> _Required work_: Up to and including the final line, retype each line of the records below, starting with the one that contains "Personality Development Across".

> _Provided records_:
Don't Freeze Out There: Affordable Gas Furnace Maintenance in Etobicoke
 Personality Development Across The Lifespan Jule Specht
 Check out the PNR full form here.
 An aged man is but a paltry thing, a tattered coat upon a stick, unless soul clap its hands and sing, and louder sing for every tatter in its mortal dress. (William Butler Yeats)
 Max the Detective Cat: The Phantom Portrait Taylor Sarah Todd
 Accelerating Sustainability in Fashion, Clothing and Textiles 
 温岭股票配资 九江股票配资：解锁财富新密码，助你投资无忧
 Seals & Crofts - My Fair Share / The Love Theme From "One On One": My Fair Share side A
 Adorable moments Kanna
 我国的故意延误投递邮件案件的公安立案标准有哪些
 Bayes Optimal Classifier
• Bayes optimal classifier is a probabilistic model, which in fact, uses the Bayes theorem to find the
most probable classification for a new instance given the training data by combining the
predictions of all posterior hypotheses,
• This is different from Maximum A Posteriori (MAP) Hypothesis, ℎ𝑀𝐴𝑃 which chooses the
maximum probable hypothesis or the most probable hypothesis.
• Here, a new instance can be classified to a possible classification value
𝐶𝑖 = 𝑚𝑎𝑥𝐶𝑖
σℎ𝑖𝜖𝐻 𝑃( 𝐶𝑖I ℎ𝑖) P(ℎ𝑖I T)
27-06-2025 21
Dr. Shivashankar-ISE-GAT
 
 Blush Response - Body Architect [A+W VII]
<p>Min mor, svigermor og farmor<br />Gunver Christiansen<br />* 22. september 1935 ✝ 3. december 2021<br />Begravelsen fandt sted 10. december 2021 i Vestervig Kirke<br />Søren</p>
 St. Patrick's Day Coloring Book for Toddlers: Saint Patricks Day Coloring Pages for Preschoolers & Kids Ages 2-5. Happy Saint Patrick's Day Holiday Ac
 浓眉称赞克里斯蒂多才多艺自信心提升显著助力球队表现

> _Solved problem_:
 Personality Development Across The Lifespan Jule Specht
 Check out the PNR full form here.
 An aged man is but a paltry thing, a tattered coat upon a stick, unless soul clap its hands and sing, and louder sing for every tatter in its mortal dress. (William Butler Yeats)
 Max the Detective Cat: The Phantom Portrait Taylor Sarah Todd
 Accelerating Sustainability in Fashion, Clothing and Textiles 
 温岭股票配资 九江股票配资：解锁财富新密码，助你投资无忧
 Seals & Crofts - My Fair Share / The Love Theme From "One On One": My Fair Share side A
 Adorable moments Kanna
 我国的故意延误投递邮件案件的公安立案标准有哪些
 Bayes Optimal Classifier
• Bayes optimal classifier is a probabilistic model, which in fact, uses the Bayes theorem to find the
most probable classification for a new instance given the training data by combining the
predictions of all posterior hypotheses,
• This is different from Maximum A Posteriori (MAP) Hypothesis, ℎ𝑀𝐴𝑃 which chooses the
maximum probable hypothesis or the most probable hypothesis.
• Here, a new instance can be classified to a possible classification value
𝐶𝑖 = 𝑚𝑎𝑥𝐶𝑖
σℎ𝑖𝜖𝐻 𝑃( 𝐶𝑖I ℎ𝑖) P(ℎ𝑖I T)
27-06-2025 21
Dr. Shivashankar-ISE-GAT
 
 Blush Response - Body Architect [A+W VII]
<p>Min mor, svigermor og farmor<br />Gunver Christiansen<br />* 22. september 1935 ✝ 3. december 2021<br />Begravelsen fandt sted 10. december 2021 i Vestervig Kirke<br />Søren</p>
 St. Patrick's Day Coloring Book for Toddlers: Saint Patricks Day Coloring Pages for Preschoolers & Kids Ages 2-5. Happy Saint Patrick's Day Holiday Ac
 浓眉称赞克里斯蒂多才多艺自信心提升显著助力球队表现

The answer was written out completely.